* [YOUR ASSIGNMENT]:
Keep every word the same. Repeat the records without their images.
=== MATERIAL FOR THE TASK ===
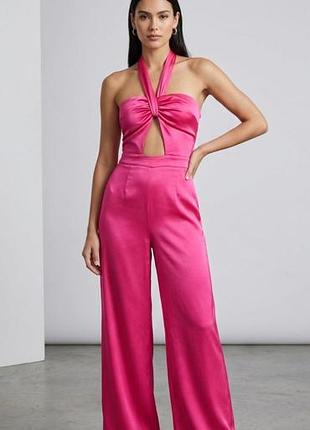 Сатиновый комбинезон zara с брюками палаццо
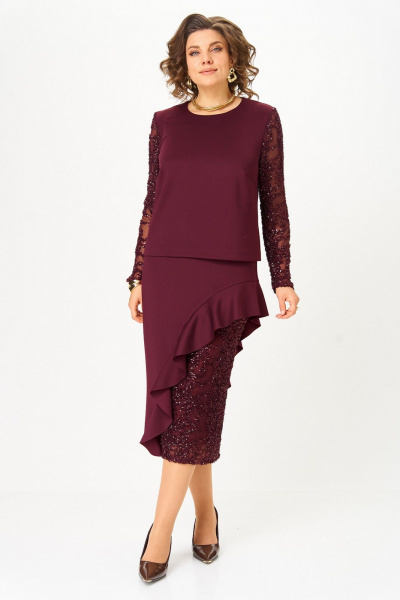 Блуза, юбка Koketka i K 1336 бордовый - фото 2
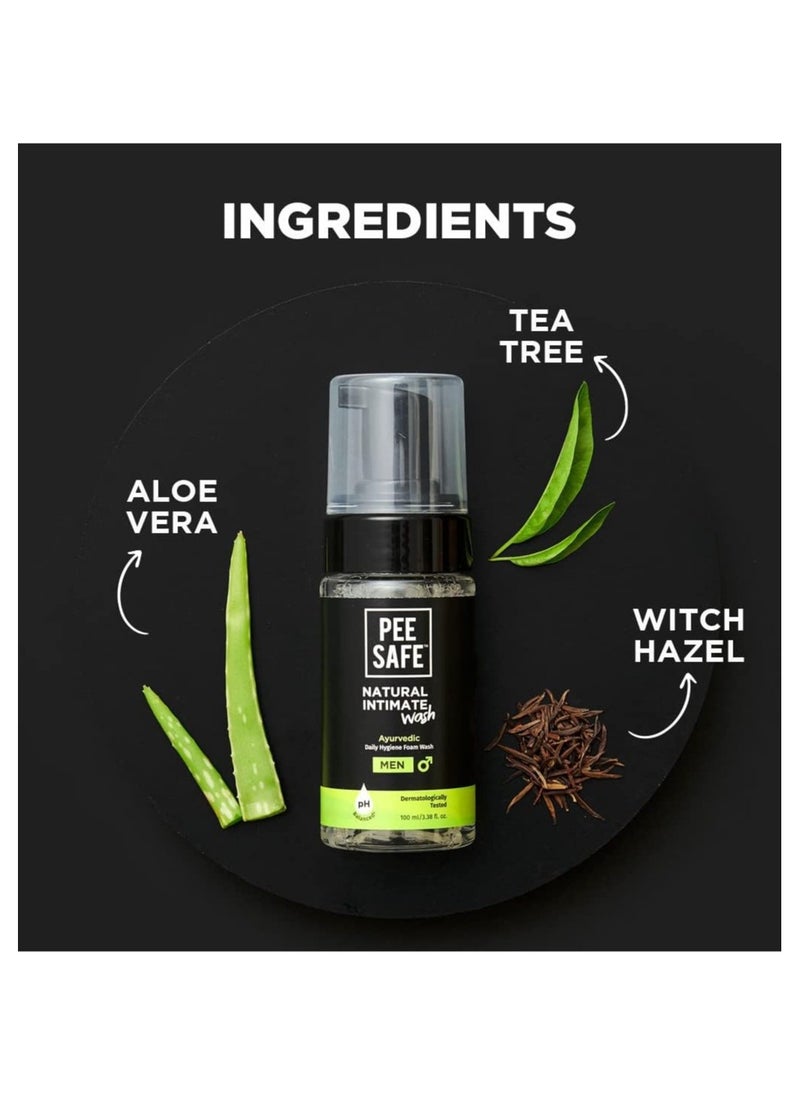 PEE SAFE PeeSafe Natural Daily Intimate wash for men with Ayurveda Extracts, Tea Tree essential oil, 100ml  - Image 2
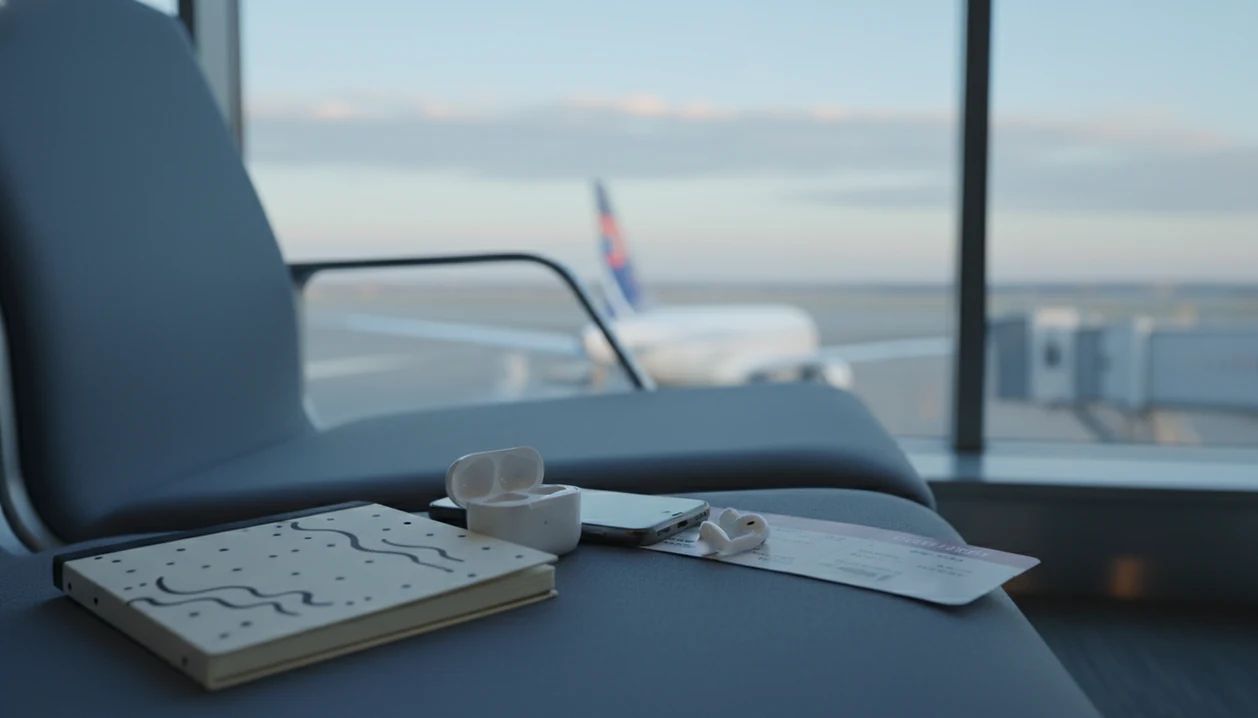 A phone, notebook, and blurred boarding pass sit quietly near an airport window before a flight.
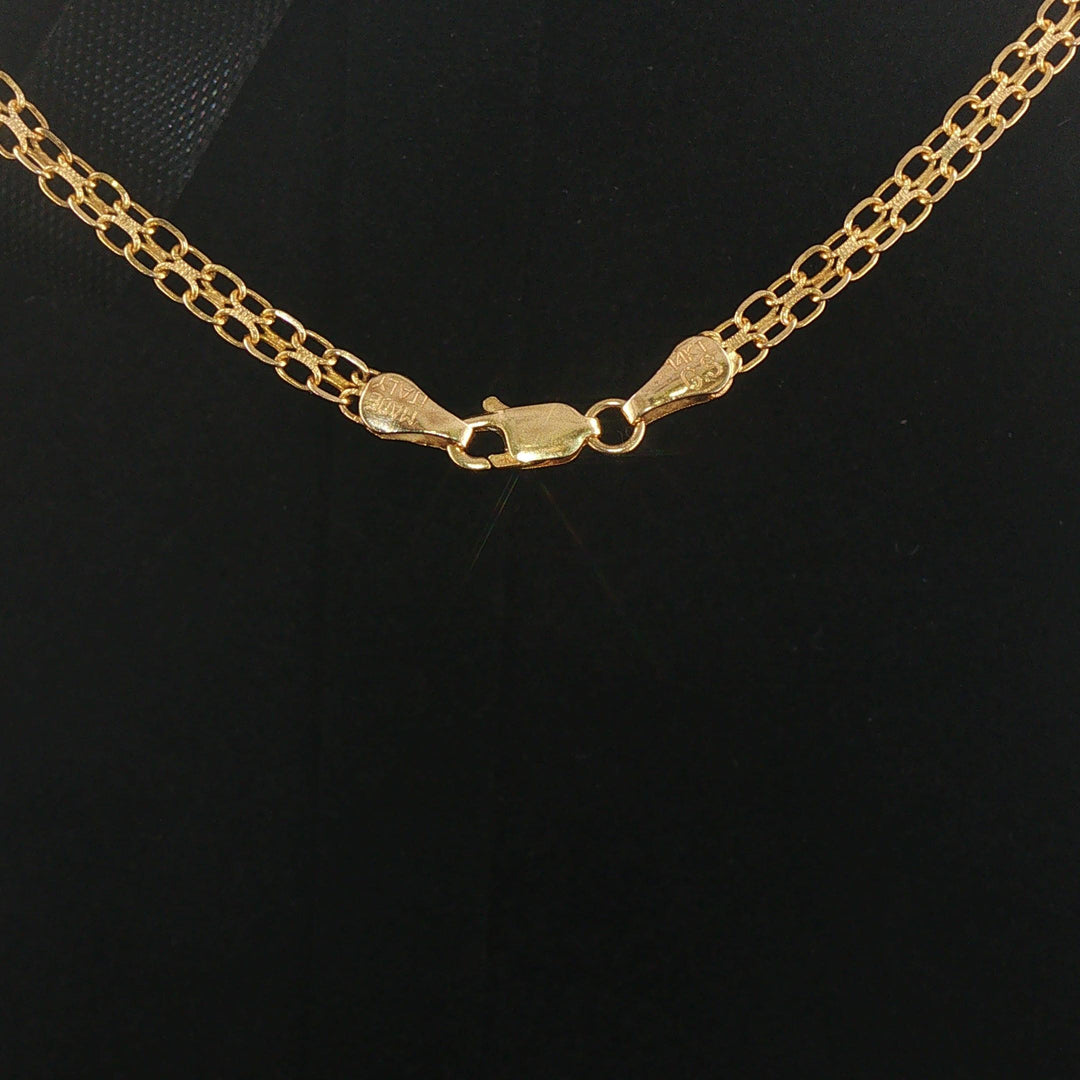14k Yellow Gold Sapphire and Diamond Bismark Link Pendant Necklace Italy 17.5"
===
* [WRITTEN ANSWER]:
 Сатиновый комбинезон zara с брюками палаццо
 Блуза, юбка Koketka i K 1336 бордовый - фото 2
 PEE SAFE PeeSafe Natural Daily Intimate wash for men with Ayurveda Extracts, Tea Tree essential oil, 100ml  - Image 2
 A phone, notebook, and blurred boarding pass sit quietly near an airport window before a flight.
14k Yellow Gold Sapphire and Diamond Bismark Link Pendant Necklace Italy 17.5"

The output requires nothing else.